There is one span to output from the data below: the lines starting at the line with "AI Ahly SC winner" and ending at the line with "Cover of Love Is in the Air". Output it exactly, ends included, nothing more.
** Opening Exercise materials block **
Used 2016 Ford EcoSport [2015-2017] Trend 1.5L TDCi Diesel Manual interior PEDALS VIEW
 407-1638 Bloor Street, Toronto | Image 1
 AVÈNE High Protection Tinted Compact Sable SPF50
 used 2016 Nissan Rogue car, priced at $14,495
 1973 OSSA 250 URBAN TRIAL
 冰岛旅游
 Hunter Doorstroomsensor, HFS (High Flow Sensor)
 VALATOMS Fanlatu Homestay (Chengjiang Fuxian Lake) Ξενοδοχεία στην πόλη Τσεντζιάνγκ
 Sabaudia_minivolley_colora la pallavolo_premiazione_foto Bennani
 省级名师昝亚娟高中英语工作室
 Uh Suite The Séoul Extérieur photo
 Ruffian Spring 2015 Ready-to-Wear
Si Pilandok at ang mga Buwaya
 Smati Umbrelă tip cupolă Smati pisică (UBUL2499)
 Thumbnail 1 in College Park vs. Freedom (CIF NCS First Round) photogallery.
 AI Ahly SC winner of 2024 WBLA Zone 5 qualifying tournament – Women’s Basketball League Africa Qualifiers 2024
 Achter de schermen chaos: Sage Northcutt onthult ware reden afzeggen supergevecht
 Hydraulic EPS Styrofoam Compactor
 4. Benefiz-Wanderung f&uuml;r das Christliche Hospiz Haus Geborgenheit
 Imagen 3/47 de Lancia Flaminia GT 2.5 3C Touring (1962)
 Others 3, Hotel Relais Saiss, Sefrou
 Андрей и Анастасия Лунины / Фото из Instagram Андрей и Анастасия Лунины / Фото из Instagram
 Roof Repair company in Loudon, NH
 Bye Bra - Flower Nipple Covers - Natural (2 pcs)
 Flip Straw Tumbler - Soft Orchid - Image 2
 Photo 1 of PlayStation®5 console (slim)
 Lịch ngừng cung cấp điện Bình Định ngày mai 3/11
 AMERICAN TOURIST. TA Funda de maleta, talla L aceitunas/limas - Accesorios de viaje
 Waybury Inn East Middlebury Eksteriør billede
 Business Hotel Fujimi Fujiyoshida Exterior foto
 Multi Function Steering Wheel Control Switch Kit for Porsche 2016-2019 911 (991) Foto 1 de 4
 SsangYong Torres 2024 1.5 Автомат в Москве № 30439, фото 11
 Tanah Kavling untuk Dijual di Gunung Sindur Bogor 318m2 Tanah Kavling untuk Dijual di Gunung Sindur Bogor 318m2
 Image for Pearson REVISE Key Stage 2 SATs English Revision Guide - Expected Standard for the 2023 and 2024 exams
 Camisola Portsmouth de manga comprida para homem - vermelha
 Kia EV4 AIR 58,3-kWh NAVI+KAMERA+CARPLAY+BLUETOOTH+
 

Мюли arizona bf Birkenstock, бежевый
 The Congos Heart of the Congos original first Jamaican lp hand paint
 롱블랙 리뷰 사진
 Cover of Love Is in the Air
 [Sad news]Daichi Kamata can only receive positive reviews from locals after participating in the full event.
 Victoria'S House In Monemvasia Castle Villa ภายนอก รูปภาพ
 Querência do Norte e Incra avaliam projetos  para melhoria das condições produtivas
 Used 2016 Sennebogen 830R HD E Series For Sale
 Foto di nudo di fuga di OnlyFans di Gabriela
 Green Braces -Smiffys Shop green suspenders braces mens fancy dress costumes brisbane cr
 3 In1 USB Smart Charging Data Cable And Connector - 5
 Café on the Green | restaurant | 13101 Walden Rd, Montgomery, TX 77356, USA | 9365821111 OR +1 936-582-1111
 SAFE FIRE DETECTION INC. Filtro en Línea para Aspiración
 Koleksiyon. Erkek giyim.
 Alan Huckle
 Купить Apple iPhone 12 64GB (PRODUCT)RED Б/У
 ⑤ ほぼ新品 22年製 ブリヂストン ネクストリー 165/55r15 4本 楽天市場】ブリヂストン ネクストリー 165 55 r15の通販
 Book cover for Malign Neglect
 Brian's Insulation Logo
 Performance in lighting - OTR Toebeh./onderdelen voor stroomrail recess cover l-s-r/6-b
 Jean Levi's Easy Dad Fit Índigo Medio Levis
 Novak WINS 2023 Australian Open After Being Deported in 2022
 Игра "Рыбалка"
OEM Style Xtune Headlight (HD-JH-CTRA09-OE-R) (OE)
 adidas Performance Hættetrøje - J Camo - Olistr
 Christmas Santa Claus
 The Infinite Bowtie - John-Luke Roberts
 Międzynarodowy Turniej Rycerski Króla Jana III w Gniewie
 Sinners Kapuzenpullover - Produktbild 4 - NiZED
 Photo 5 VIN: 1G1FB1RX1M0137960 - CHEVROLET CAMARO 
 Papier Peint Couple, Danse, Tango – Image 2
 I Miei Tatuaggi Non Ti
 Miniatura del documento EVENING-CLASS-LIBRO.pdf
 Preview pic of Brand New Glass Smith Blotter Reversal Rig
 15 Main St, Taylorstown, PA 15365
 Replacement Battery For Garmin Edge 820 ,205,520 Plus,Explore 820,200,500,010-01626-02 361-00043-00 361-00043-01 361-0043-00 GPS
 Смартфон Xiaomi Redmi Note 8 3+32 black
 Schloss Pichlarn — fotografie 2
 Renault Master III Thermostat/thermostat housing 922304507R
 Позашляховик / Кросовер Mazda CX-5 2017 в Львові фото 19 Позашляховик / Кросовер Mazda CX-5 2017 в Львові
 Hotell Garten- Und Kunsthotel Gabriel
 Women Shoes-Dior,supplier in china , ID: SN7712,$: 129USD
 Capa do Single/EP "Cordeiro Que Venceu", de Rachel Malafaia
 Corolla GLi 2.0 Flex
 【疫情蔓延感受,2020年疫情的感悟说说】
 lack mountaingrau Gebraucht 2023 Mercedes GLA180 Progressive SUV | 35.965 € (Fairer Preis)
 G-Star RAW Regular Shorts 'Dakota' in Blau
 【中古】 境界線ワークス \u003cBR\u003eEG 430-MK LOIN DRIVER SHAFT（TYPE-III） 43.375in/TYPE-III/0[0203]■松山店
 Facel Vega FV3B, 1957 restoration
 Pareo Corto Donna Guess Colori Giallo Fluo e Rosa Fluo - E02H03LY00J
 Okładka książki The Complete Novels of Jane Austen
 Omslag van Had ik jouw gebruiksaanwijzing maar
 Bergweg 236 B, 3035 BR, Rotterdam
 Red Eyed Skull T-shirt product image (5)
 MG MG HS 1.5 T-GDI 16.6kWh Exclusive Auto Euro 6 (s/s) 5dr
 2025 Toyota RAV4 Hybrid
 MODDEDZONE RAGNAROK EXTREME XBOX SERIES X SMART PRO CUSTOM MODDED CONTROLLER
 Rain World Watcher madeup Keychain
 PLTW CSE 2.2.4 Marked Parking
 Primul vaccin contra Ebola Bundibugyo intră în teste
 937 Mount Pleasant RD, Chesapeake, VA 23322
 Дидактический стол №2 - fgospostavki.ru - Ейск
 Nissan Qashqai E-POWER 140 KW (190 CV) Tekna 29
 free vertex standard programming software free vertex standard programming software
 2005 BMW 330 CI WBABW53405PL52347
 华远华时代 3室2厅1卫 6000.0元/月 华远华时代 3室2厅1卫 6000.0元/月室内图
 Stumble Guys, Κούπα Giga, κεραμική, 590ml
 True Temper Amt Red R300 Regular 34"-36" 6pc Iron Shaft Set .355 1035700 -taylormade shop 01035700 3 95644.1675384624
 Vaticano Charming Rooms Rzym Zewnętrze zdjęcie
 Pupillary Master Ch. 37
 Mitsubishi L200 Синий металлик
** Closing Exercise materials block **
▸ **Response for this exercise**
 AI Ahly SC winner of 2024 WBLA Zone 5 qualifying tournament – Women’s Basketball League Africa Qualifiers 2024
 Achter de schermen chaos: Sage Northcutt onthult ware reden afzeggen supergevecht
 Hydraulic EPS Styrofoam Compactor
 4. Benefiz-Wanderung f&uuml;r das Christliche Hospiz Haus Geborgenheit
 Imagen 3/47 de Lancia Flaminia GT 2.5 3C Touring (1962)
 Others 3, Hotel Relais Saiss, Sefrou
 Андрей и Анастасия Лунины / Фото из Instagram Андрей и Анастасия Лунины / Фото из Instagram
 Roof Repair company in Loudon, NH
 Bye Bra - Flower Nipple Covers - Natural (2 pcs)
 Flip Straw Tumbler - Soft Orchid - Image 2
 Photo 1 of PlayStation®5 console (slim)
 Lịch ngừng cung cấp điện Bình Định ngày mai 3/11
 AMERICAN TOURIST. TA Funda de maleta, talla L aceitunas/limas - Accesorios de viaje
 Waybury Inn East Middlebury Eksteriør billede
 Business Hotel Fujimi Fujiyoshida Exterior foto
 Multi Function Steering Wheel Control Switch Kit for Porsche 2016-2019 911 (991) Foto 1 de 4
 SsangYong Torres 2024 1.5 Автомат в Москве № 30439, фото 11
 Tanah Kavling untuk Dijual di Gunung Sindur Bogor 318m2 Tanah Kavling untuk Dijual di Gunung Sindur Bogor 318m2
 Image for Pearson REVISE Key Stage 2 SATs English Revision Guide - Expected Standard for the 2023 and 2024 exams
 Camisola Portsmouth de manga comprida para homem - vermelha
 Kia EV4 AIR 58,3-kWh NAVI+KAMERA+CARPLAY+BLUETOOTH+
 

Мюли arizona bf Birkenstock, бежевый
 The Congos Heart of the Congos original first Jamaican lp hand paint
 롱블랙 리뷰 사진
 Cover of Love Is in the Air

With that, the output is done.